- Official Poster
- Directed by: Jaymin Patel
- Produced by: Alex Bhagat Kishan Dholiya Rutuja Mane Himanshu Solanki
- Starring: Malhar Thakar; Pooja Jhaveri; Kelly Pearson;
- Cinematography: Nandan Lawande Rishabh Dudhedia
- Edited by: Rahul Bhole
- Music by: Parth Bharat Thakkar
- Production companies: Wardwizard Entertainment Aasman Productions Sake Spectacle De Rio Spacetime Moviies
- Distributed by: Rupam Entertainment Pvt Ltd
- Release date: 25 December 2025;
- Running time: 127 minutes
- Country: India
- Language: Gujarati

= Vande Bharat Via USA =

2025 Indian Gujarati drama comedy film

Vande Bharat Via USA (Gujarati: વંદે ભારત વાયા યુ.એસ.એ) is a 2025 Indian Gujarati drama-comedy film directed by Jaymin Patel. The film stars Malhar Thakar, Pooja Jhaveri and Kelly Pearson in the lead roles. It is produced by Alex Bhagat, Kishan Dholiya, Rutuja Mane and Himanshu Solanki under the banners Wardwizard Entertainment, Aasman Productions, Sake Spectacle, De Rio and Spacetime Moviies. The film was theatrically released in India on 25 December 2025.

== Plot ==
Rohan, a young Gujarati immigrant living in Los Angeles, works multiple odd jobs while chasing his dream of obtaining a U.S permanent residency . His journey takes an unexpected turn as he becomes entangled in a series of humorous situations, complicated relationships and life-changing secrets. The story explores themes of ambition, family values, cultural identity and second chances.

== Cast ==
- Malhar Thakar as Rohan Thakkar
- Pooja Jhaveri as Eva Mehta
- Kiley Pearson as Jodie
- Asit Vyas as Harsh Mehta, Eva's father
- Alina Zhuravel as Rohan's friend
- Alex Baghat as Sameer Shah, Rohan's boss
- Skully Brandon as Simon
- Nikhil Dave as Nick, Rohan's friend
- Brian Duss as Martin
- Lorraine Kaiser as Jennifer, Jodie's mom
- Maya Lukina as Scarlett
- Amanda Kathryn Liguori as Officer Natalie Matthews
- Mahek as Mahek, Eva's friend
- Mita Vyas as Preeti, Eva's mother
- Henrie River as Yacht Captain
- Neil Wachs as Coffee Shop Patron

== Soundtrack ==

=== Tracklist ===

| No. | Title | Lyrics | Music | Singer(s) | Length |
|---|---|---|---|---|---|
| 1. | "Parevda" | Chirag Tripathi | Kedar Bhargav | Javed Ali | 3:47 |
| 2. | "Love Everyday" | Chirag Tripathi | Parth Bharat Thakkar | Hetvi Pawani, Priya Doshi | 3:52 |
| 3. | "Gaathe Na Gujarati" | Rutesh Patel | Prajaval Pandya, Param Bhagat | Rutesh Patel | 1:58 |
| Total length: |  |  |  |  | 9:37 |

== Production ==
Principal photography for the film took place largely in the United States, with approximately 90–95 percent of the film shot at various locations in Los Angeles, California. Additional portions of the film were filmed in Ahmedabad and Vadodara, India.

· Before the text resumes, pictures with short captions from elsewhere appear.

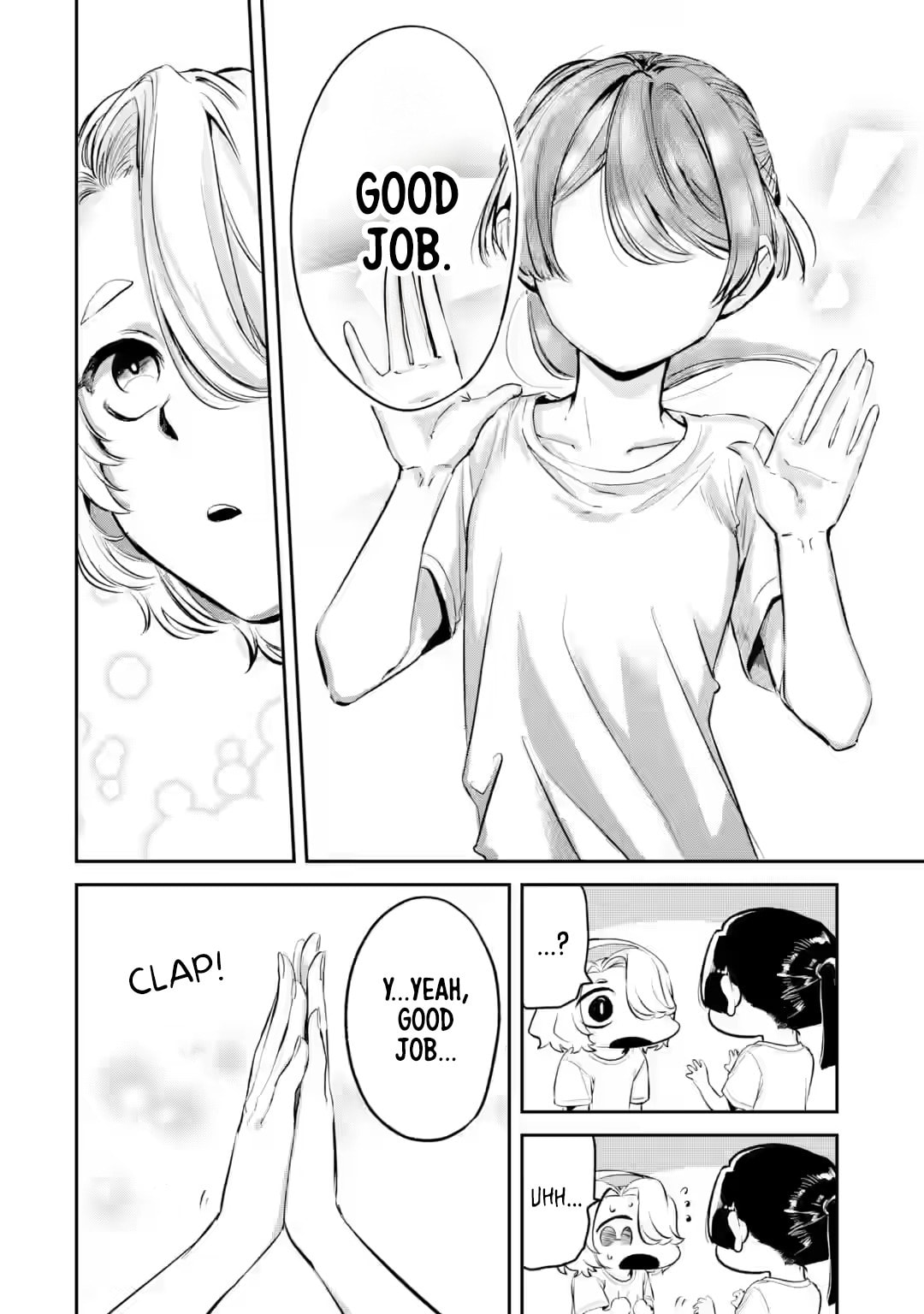 My Seatmate Wakao-san's Face Is Almost Visible but It's Not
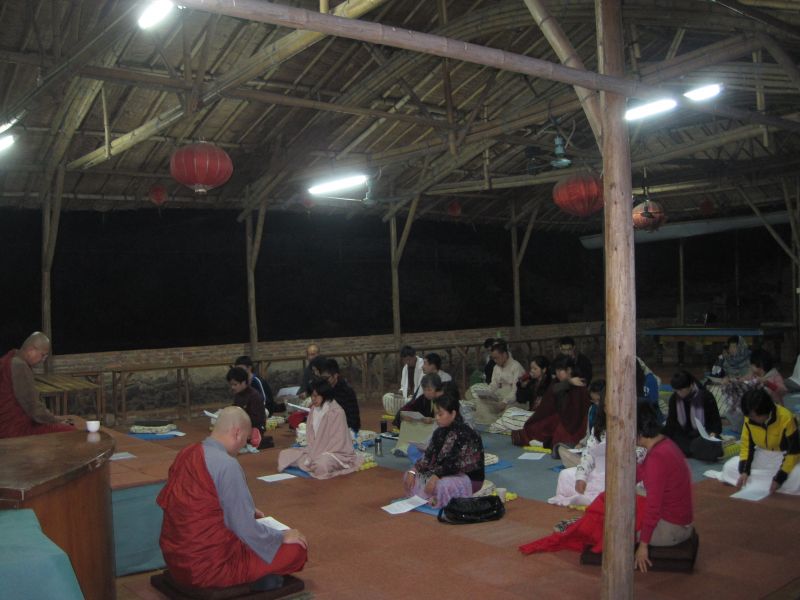 Khóa Thiền ba ngày dành cho sinh viên, nghiên cứu sinh Đại học Trung Sơn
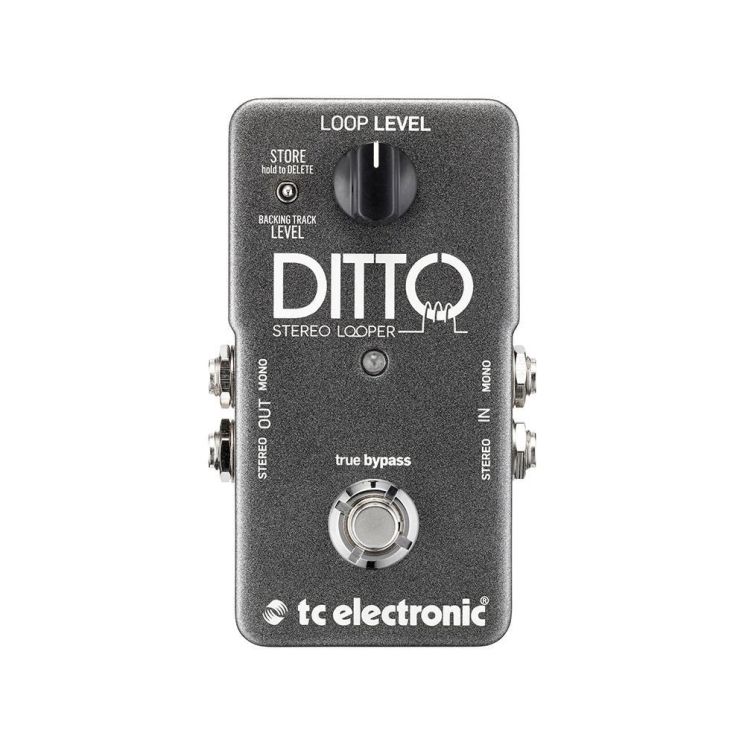 T.C. Electronic Ditto Looper Педаль лупер, бесконечное наложение, редактирование через USB, стерео в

== Marketing and Releases ==
The film was officially announced on 6 November 2025 with the motion poster. A teaser was released on 22 November 2025, followed by the official trailer on 4 December 2025 across social media platforms. The film was theatrically released on 25 December 2025, coinciding with Christmas.

== Reception ==

Dharmendra Thakur of Gujarati Jagran reviewed Vande Bharat Via USA and noted that the film presents a realistic portrayal of the challenges faced by Indians aspiring to settle in the United States, particularly highlighting the pursuit of social status and stability. The review described the film as an eye-opener for students and young aspirants, pointing to its depiction of legal complexities, social pressures, and the gap between expectations and reality abroad. Thakur also observed that certain dialogues resonated strongly with audiences on social media, while the performances of Malhar Thakar and Pooja Jhaveri, along with Parth Bharat Thakkar’s music, contributed to the film's appeal as a family-oriented drama that blends humour with emotional moments.